Henry Mildmay (25 November 1619 – 3 December 1692) was an English politician who sat in the House of Commons at various times between 1654 and 1692. He fought in the Parliamentary army in the English Civil War.

==Biography==
Mildmay was the eldest son of Sir Henry Mildmay of Graces, Little Baddow and his second wife Amy Gurdon, daughter of Brampton Gurdon of Assington, Suffolk. He was educated at Felsted School under Martin Holbeach and entered Gray's Inn in 1632. His father died in 1639 and he succeeded to the estate at Little Baddow. He was captain of horse in the Parliamentary army in 1642 and was a colonel in 1643. Also in 1643 he was commissioner for levying money for Essex, commissioner for defence for the eastern association and commissioner for execution of ordinances. He was commissioner for militia for Middlesex in 1644 and commissioner for assessment for Essex from 1644 to 1652. In 1645 he was commissioner for new model ordinance for Essex 1645, commissioner for defence for Ely 1645, governor of Cambridge Castle and became J.P. for until July 1660.In 1648 he was commissioner for militia for Essex. He was commissioner for assessment for Shropshire from 1650 to 1652 and JP for Shropshire from 1650 to 1653.

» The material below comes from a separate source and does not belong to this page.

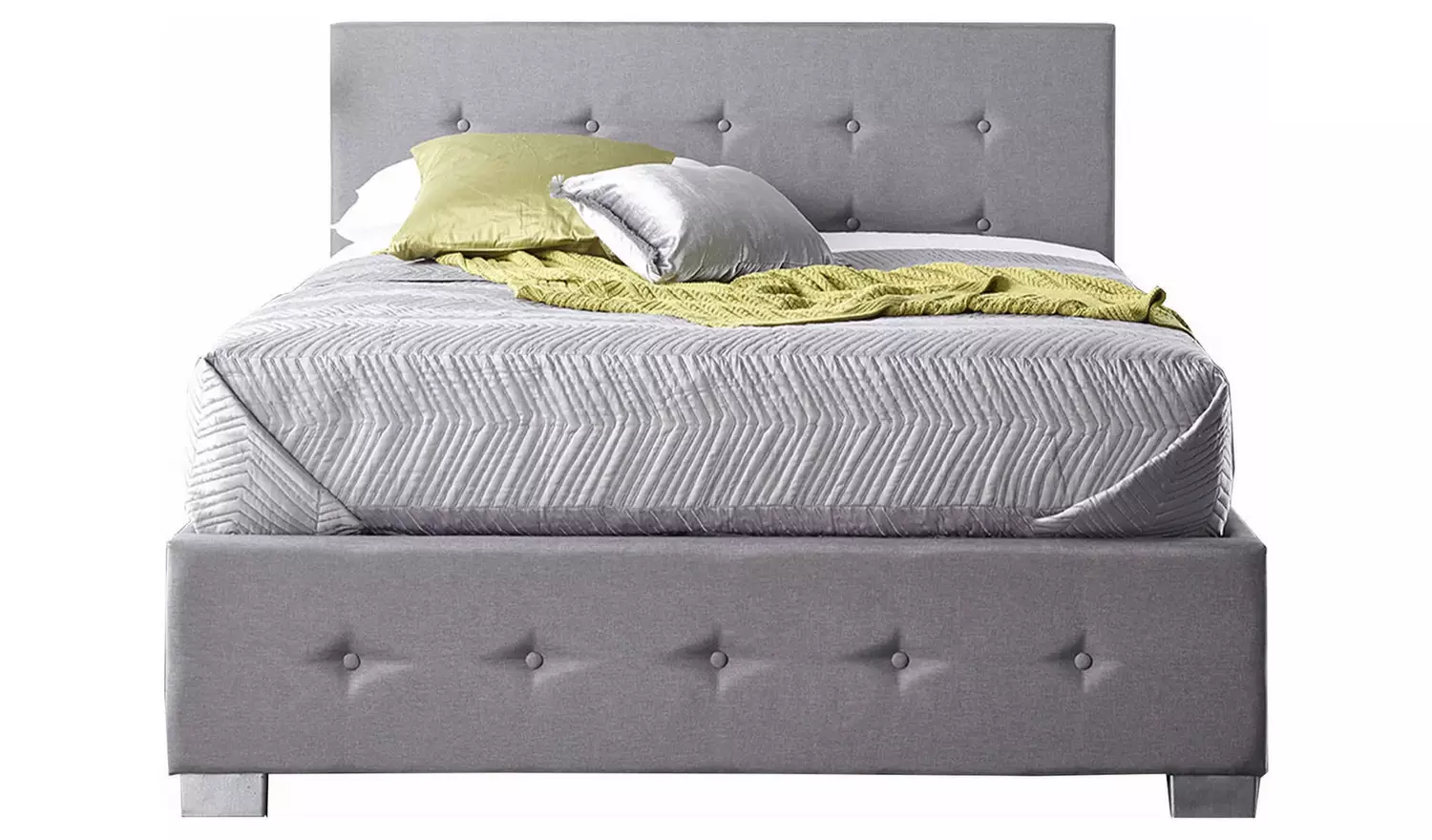 Aspire Linen Double Side Lift Ottoman Bed - Grey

In 1654, Mildmay was elected Member of Parliament for Essex in the First Protectorate Parliament. He was also commissioner for scandalous ministers for Essex in 1654. In 1656 he was re-elected MP for Essex in the Second Protectorate Parliament . He was commissioner for assessment for Essex in 1657. In 1659 he was elected MP for Maldon in the Third Protectorate Parliament. He was also commissioner for militia for Essex in 1659. In January 1660 he was commissioner for assessment for Essex and in March 1660 he was commissioner for militia for Essex and Middlesex. In April 1660 he was re-elected MP for Maldon in the Convention Parliament when he was involved in a double return but was allowed to take his seat. He was commissioner for assessment for Middlesex from August 1660 to 1663. He did not stand for the Cavalier Parliament at a time when his kinsman Henry Mildmay was in disgrace. He became JP for Essex in 1664 but in 1672 he was found to have plotted false accusations against his enemy John Bramston and was turned out of all commissions. In 1679 he was returned as MP for Essex in both elections, and was re-elected in 1681, 1689 and 1690. He was restored as JP for Essex in April 1688 and was commissioner for assessment for Essex from 1689 to 1690.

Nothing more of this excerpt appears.